(DATA PROVIDED begins)

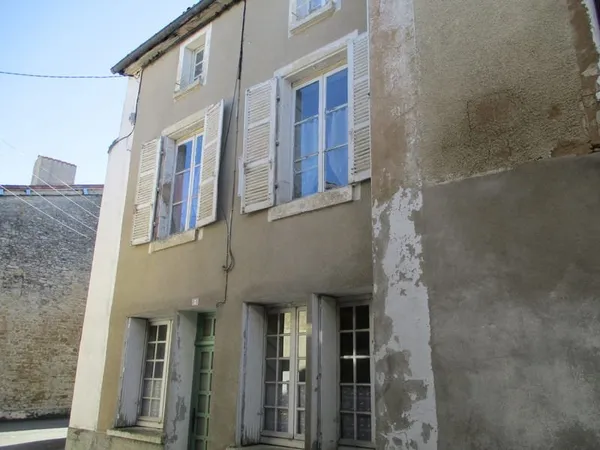 Ensemble immobilier de deux maisons communicantes.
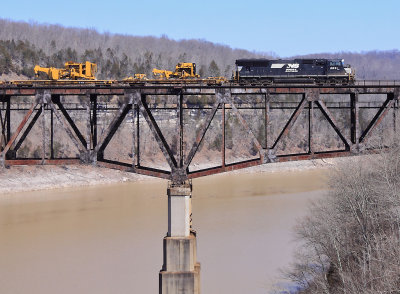 A lone EMD brings a CAT High/Wide train over the Cumberland River bridge at Burnside.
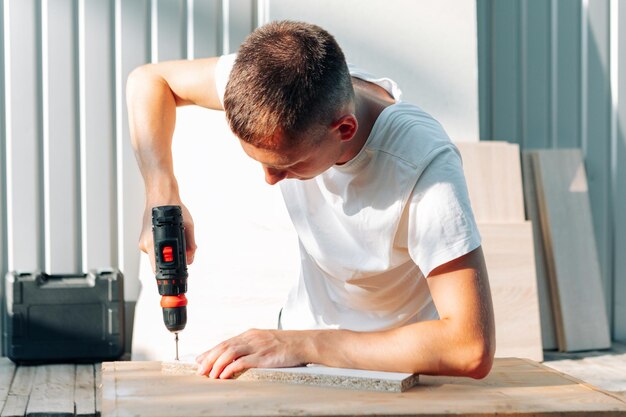 Heimwerker in blauer Uniform arbeitet mit automatischem Schraubendreher des Stroms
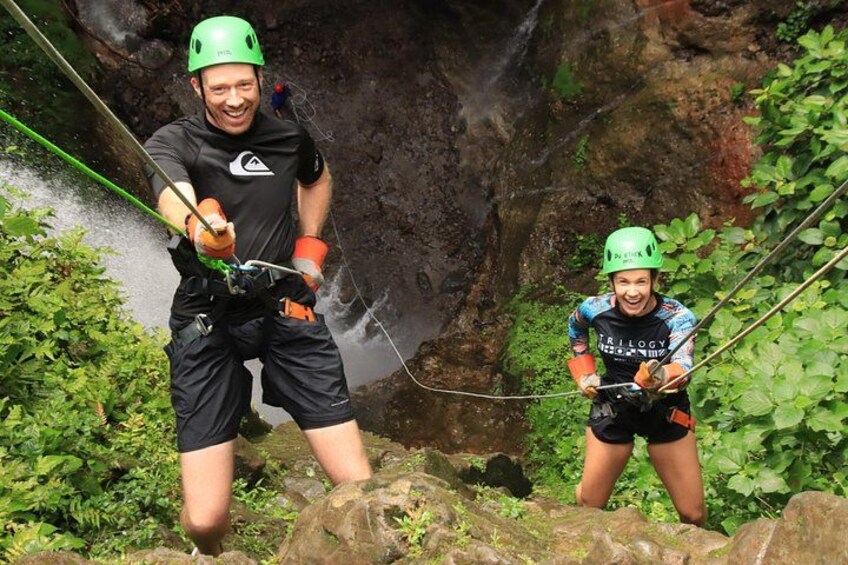 Two people rappelling down a rocky cliff with vegetation around. 5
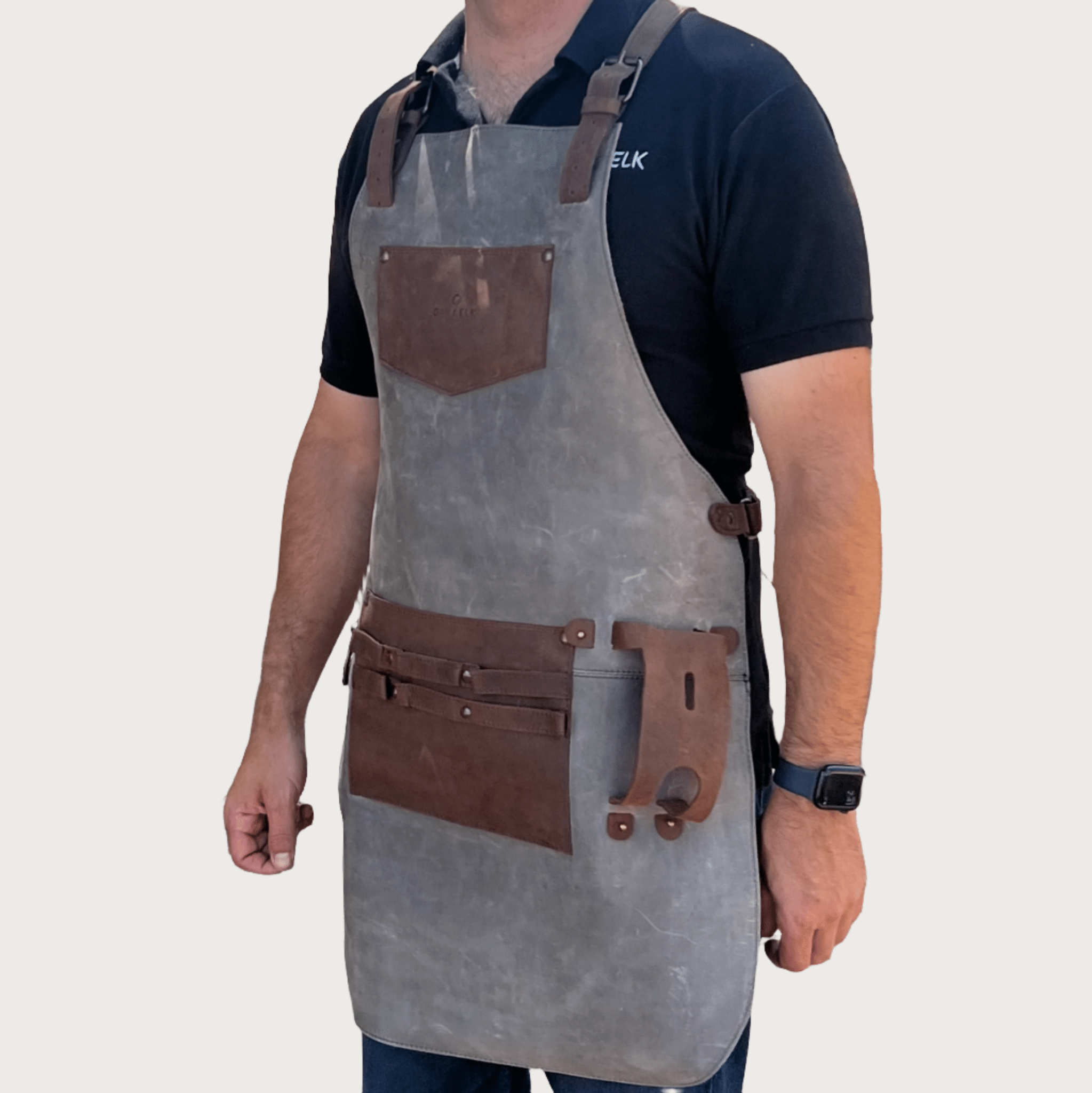 Full leather apron, adjustable straps, front chest pocket, tool loops, and rich texture, ideal for grilling, crafts, shop use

(DATA PROVIDED ends)

-- DIRECTIONS FOR THIS TASK --
All of the data needs repeating exactly, but the pictures do not.

-- SOLVED PROBLEM --
 Ensemble immobilier de deux maisons communicantes.
 A lone EMD brings a CAT High/Wide train over the Cumberland River bridge at Burnside.
 Heimwerker in blauer Uniform arbeitet mit automatischem Schraubendreher des Stroms
 Two people rappelling down a rocky cliff with vegetation around. 5
 Full leather apron, adjustable straps, front chest pocket, tool loops, and rich texture, ideal for grilling, crafts, shop use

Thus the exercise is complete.